• PROBLEM TO WORK ON
From the line containing "Unlike today's industrial" to the end of the data, retype every line exactly and nothing else. Drop the pictures.

Segment Start: INFORMATION SHOWN

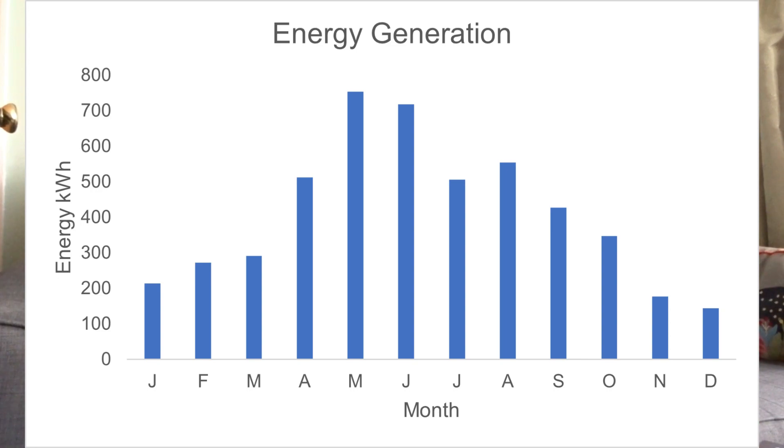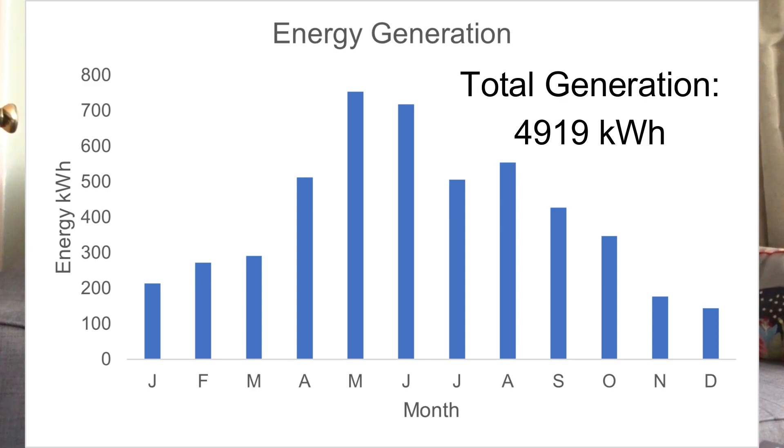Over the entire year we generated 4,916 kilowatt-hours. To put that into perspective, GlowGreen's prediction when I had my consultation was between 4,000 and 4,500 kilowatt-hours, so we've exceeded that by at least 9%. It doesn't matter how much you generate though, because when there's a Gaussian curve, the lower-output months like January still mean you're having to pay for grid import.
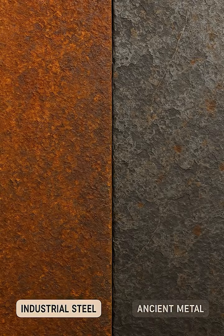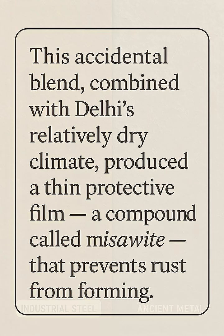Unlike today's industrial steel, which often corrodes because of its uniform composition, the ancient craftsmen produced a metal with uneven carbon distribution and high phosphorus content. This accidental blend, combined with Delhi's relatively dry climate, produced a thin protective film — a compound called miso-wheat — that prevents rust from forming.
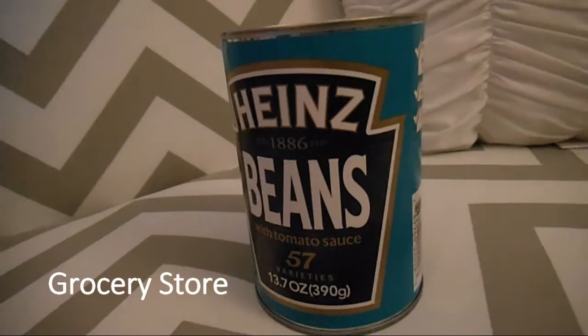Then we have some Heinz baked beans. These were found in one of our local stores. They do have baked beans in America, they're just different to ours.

Segment End: INFORMATION SHOWN

• ANSWER TO THE PROBLEM
Unlike today's industrial steel, which often corrodes because of its uniform composition, the ancient craftsmen produced a metal with uneven carbon distribution and high phosphorus content. This accidental blend, combined with Delhi's relatively dry climate, produced a thin protective film — a compound called miso-wheat — that prevents rust from forming.
Then we have some Heinz baked beans. These were found in one of our local stores. They do have baked beans in America, they're just different to ours.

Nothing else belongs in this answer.